I recently came across a reference to a famous quote by supercomputing pioneer Danny Hillis: “Memory locations are wires turned sideways in time”. When first hearing this, it sounds a bit mind-bending— how can you turn something sideways in time? But once you recall the idea of time as a fourth dimension, the quote is pretty clever. Normally, you think of an ideal wire as transferring a bit, the simplest piece of computer data, from one point of space to another. And an ideal memory location stores a bit in a particular place now, so you can access it in the future. Thus, if you could turn things sideways in time, transferring a movement along a line in space to a movement to a future point in time through a rotation in the fourth dimension, you could indeed transform a wire into a memory by simply carrying out such a rotation. So many things in modern computing would be simpler if we could do this easily.
On the other hand, on closer scrutiny, the idea of memories as sideways wires in time doesn’t really seem that useful. In practice, we must base computer memories on very different applications of physics than wires— simple dimensional rotations are just not in our current bag of manufacturing tricks. And if you look more closely at wires, while they do carry bits to another point in space, they also carry them to a future point in time, due to propagation delay. The fact that wires are not instantaneous, but have real delays, has become more and more significant as computing technology advanced; due to the infinitesimally sized components of current processors, they are a constant consideration for every designer. So the conceptual rotation in time of a wire, to translate it to a memory, would be something less than 90 degrees, as wires already are turned a bit in the time direction.
Another interesting thing about this concept of rotating in time is that, once you think about it, it’s not really a statement about modern computing technology, just about thinking of converting a transfer in space to one in time as a dimension. You can apply it in a lot of other cases. How about this one: “Podcasts are just radio shows turned sideways in time”. That kind of applies, right? But we don’t even need to constrain ourselves to modern high-tech.
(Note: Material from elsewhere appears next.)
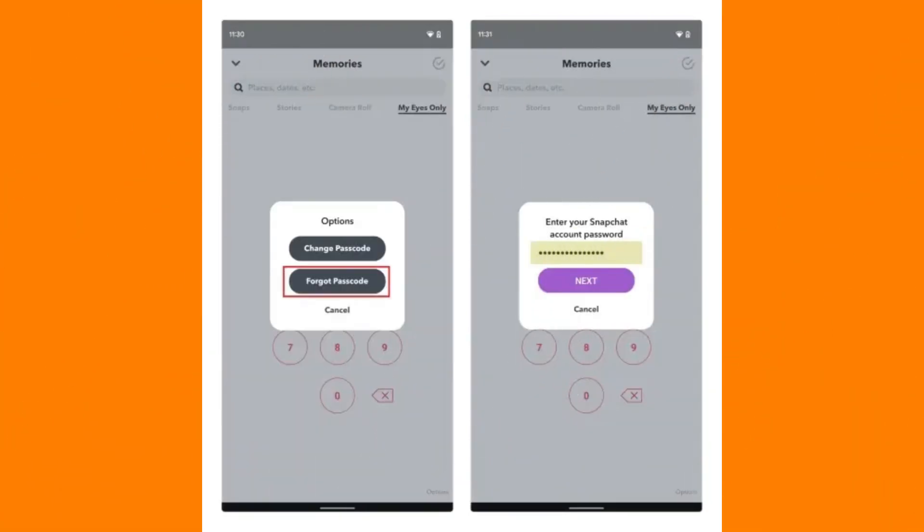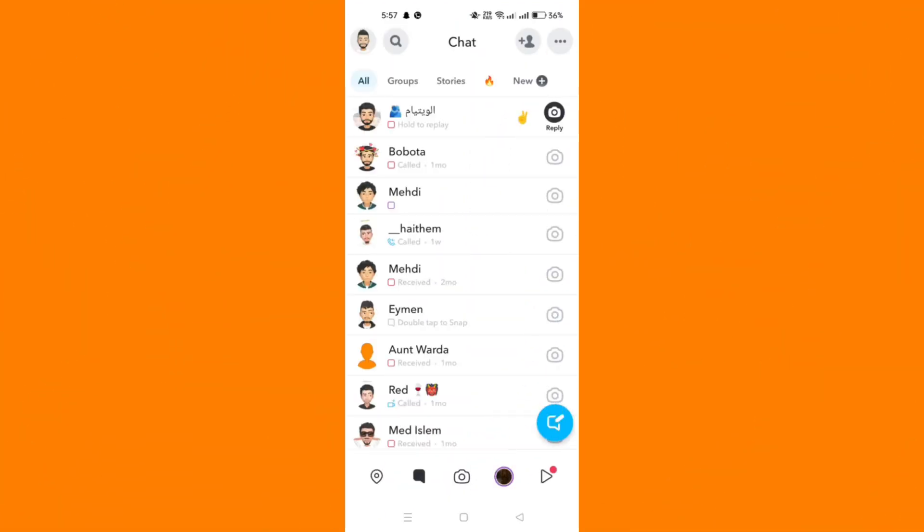Just know that these videos, which are in this section of your Snapchat account, cannot be accessed by anyone but you, and you can create a passcode to access it.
Couldn’t we just as easily say “Cassette tapes are concerts turned sideways in time?” Or “Government laws are king’s proclamations turned sideways in time?” In some sense, the evolution of modern life fits in here too— can’t we say that “Genes are biological mutations turned sideways in time”? Even the ancient Greeks could have gotten into the act, by saying “Papyrus scrolls are Plato’s lectures, turned sideways in time.” Sure, all of them do sound profound to some degree on first hearing, but are really just clever restatements of the idea of time as a dimension.
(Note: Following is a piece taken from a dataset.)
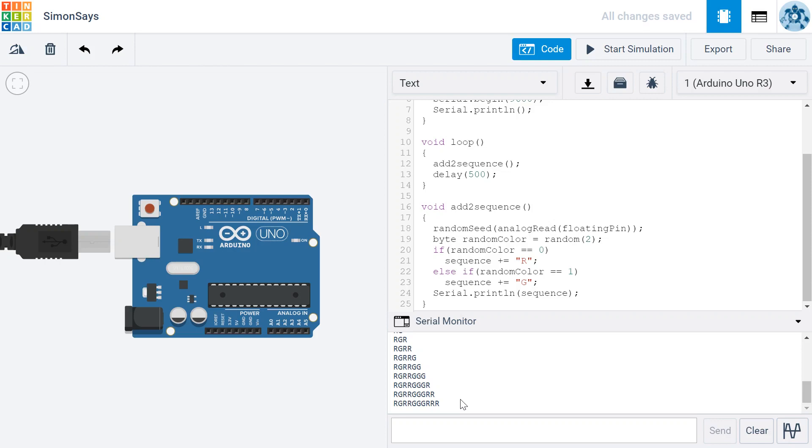And we have a way to store that information so that we can refer back to it later. At this point, you should make a commit to Bitbucket. Go to Bitbucket and create a repository for this project. Call it SimonSays. And then after that, I want you to implement this functionality for the blue and yellow colors. Add the code necessary to make it so that we see a random sequence with four letters: R, G, B, Y. Once you're done with that, make another commit to Bitbucket, and for the message it should say something to the effect of completed the AddToSequence function for all four colors.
Another interesting aspect of this quotation is Hillis’s concern with “deep time”, the idea that he wants to somehow be able to communicate information about our current society long distances along the time dimension. Already we barely know what our predecessors 3000 or so years ago thought about and how they lived. We may seem to have generated a lot of information in our current civilization, but if there was some major disaster and we spent a few years without power to refresh our computer memories, hardly any of it would survive. Our mass-produced physical books are much less hardy, for the most part, than the ones created by ancient Greeks and Romans, so even written information would disintegrate very quickly. And what about 10,000 years from now? We know basically nothing about any human civilization that may have existed that long ago.
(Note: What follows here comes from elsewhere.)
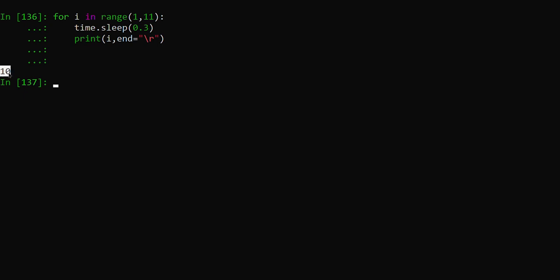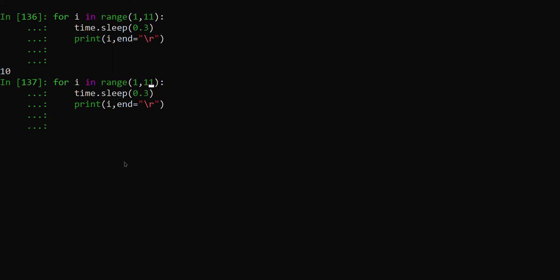If we increase the range value, you can see that it is printing at the same place. That's for today, thank you.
To address this problem, Hillis became involved in the Long Now Foundation, an organization that attempts to look at long-term problems facing humanity in the 10,000 year range. One of their key projects is to create the Clock of the Long Now, which you may recall me mentioning in an earlier podcast: it’s a clock that is built to last at least 10,000 years, by being put in a sheltered location and not requiring any external source of power. They are even trying to take human factors into account, for example by not allowing any expensive materials in the construction, so there will be no incentive for future thieves to destroy and loot it. And it is only allowed to use materials available during the Bronze Age, so it will still be repairable after a general societal collapse if needed. Though if society has collapsed to the point where Math Mutation podcasts are gone, will there really be a point to our race continuing to survive? In any case, Jeff Bezos seems to think so, since he has spent over 40 million dollars funding this clock’s construction.
And this has been your math mutation for today.